Available data >>
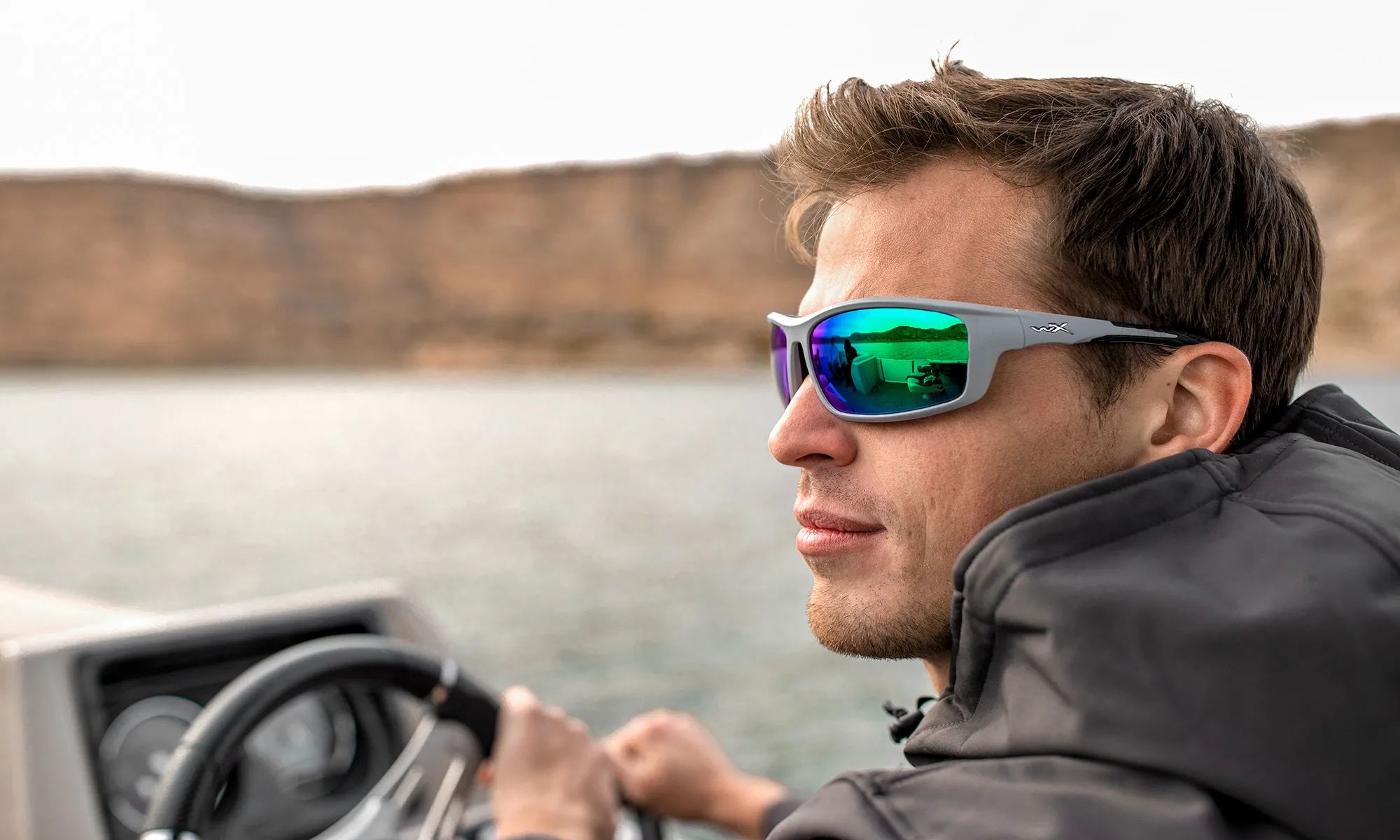 Okulary taktyczne Wiley X Grid - Captivate Polarized Green Mirror/Matte Cool Grey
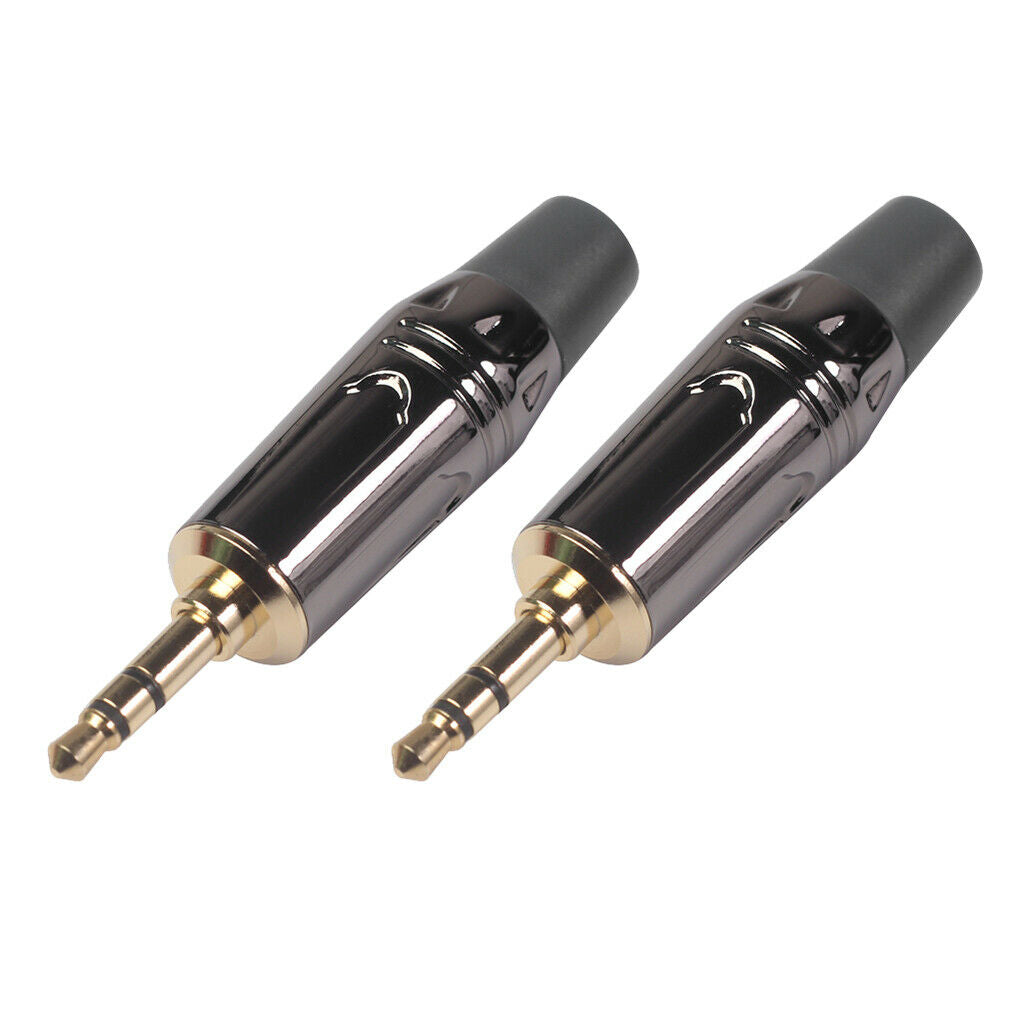 2pcs 3.5mm Stereo Male Solder Plug DIY Earphone Adapter w/ Tail Plug Black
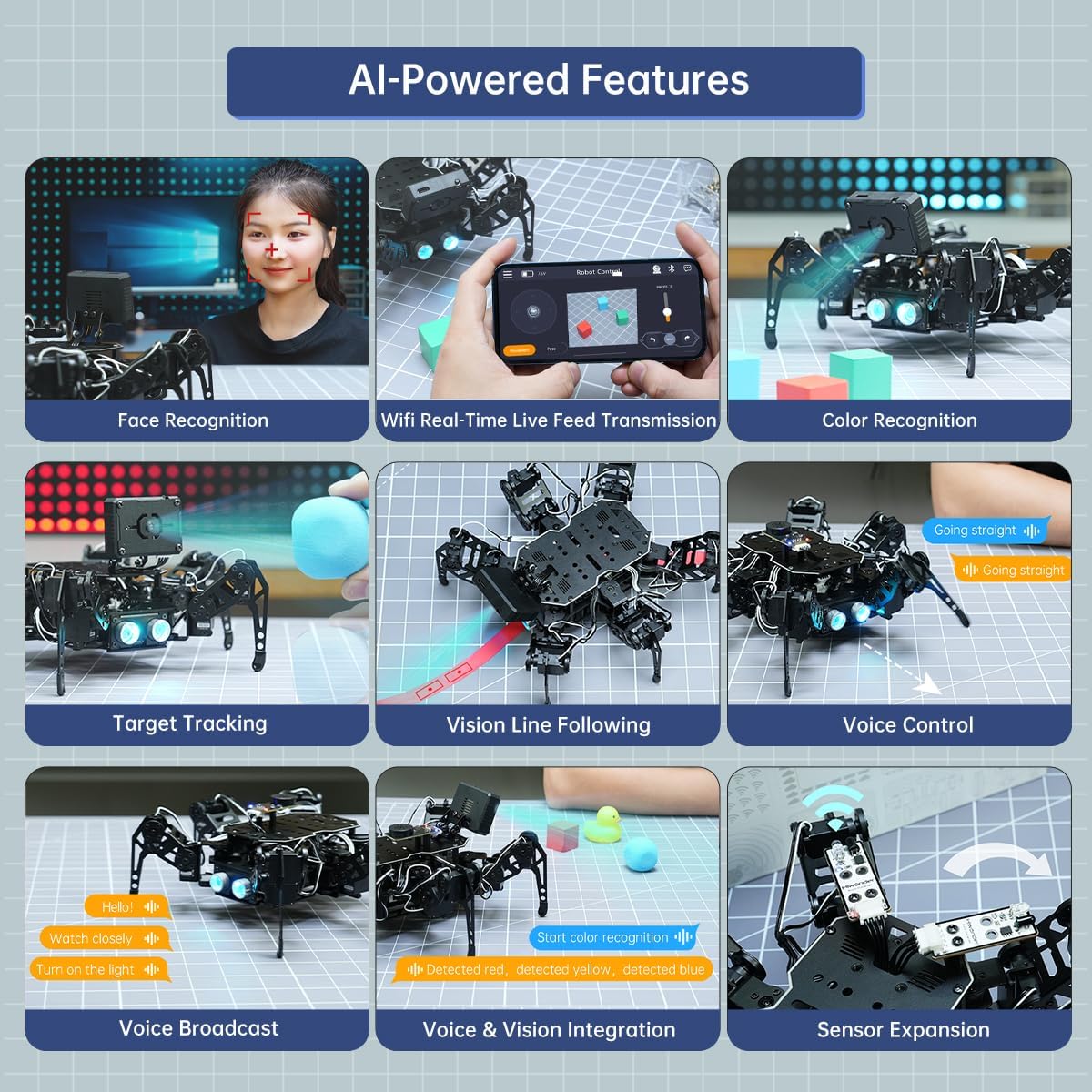 18DOF Hexapod Robot for Arduino Programming, Spider Walking Crawling Self-Balancing AI Vision Voice Control Obstacle Avoidance, STEM Education Open Source Robot with Tutorials, miniHexa Standard Kit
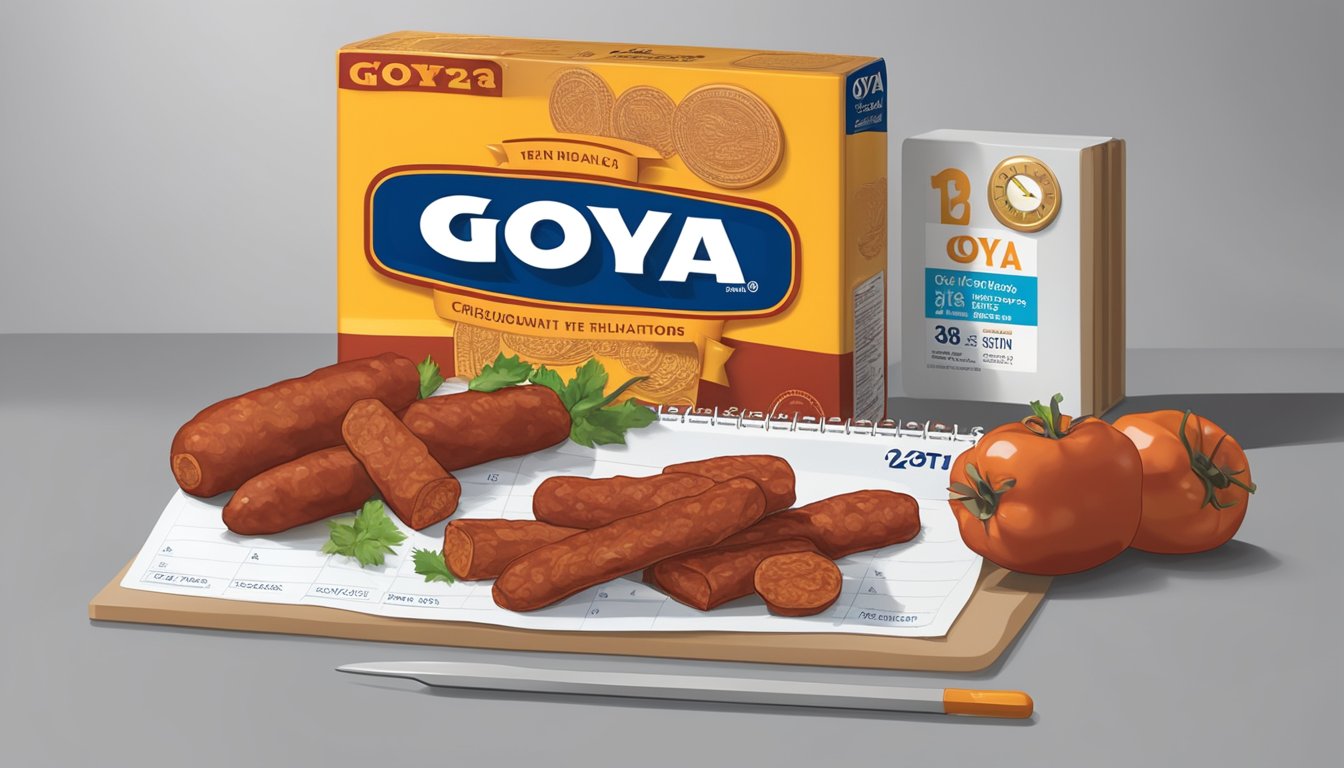 A package of Goya Chorizo sits on a kitchen counter next to a calendar and a clock, with the chorizo's expiration date circled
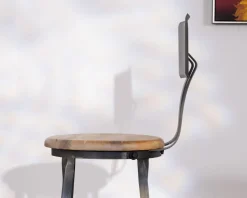 Chaise de bar métal gris antique et bois "Atelier grey" hauteur 110 cm Chaise De Bar|Tabouret De Bar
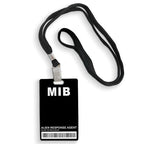 Man in Black ID Badge Prop Costume, Man in Black ID Badge Holder with Lanyard, Decorative Cosplay Spy Decorations Secret Agent ID Card Holder, Christmas,Halloween Costumes ID Badge Props,Black, 1 Pack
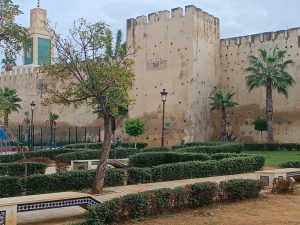 a castle like building with a garden in front of it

What is required >> Leave the pictures aside and output each entry exactly as it stands.

Output below >>
 Okulary taktyczne Wiley X Grid - Captivate Polarized Green Mirror/Matte Cool Grey
 2pcs 3.5mm Stereo Male Solder Plug DIY Earphone Adapter w/ Tail Plug Black
 18DOF Hexapod Robot for Arduino Programming, Spider Walking Crawling Self-Balancing AI Vision Voice Control Obstacle Avoidance, STEM Education Open Source Robot with Tutorials, miniHexa Standard Kit
 A package of Goya Chorizo sits on a kitchen counter next to a calendar and a clock, with the chorizo's expiration date circled
 Chaise de bar métal gris antique et bois "Atelier grey" hauteur 110 cm Chaise De Bar|Tabouret De Bar
 Man in Black ID Badge Prop Costume, Man in Black ID Badge Holder with Lanyard, Decorative Cosplay Spy Decorations Secret Agent ID Card Holder, Christmas,Halloween Costumes ID Badge Props,Black, 1 Pack
 a castle like building with a garden in front of it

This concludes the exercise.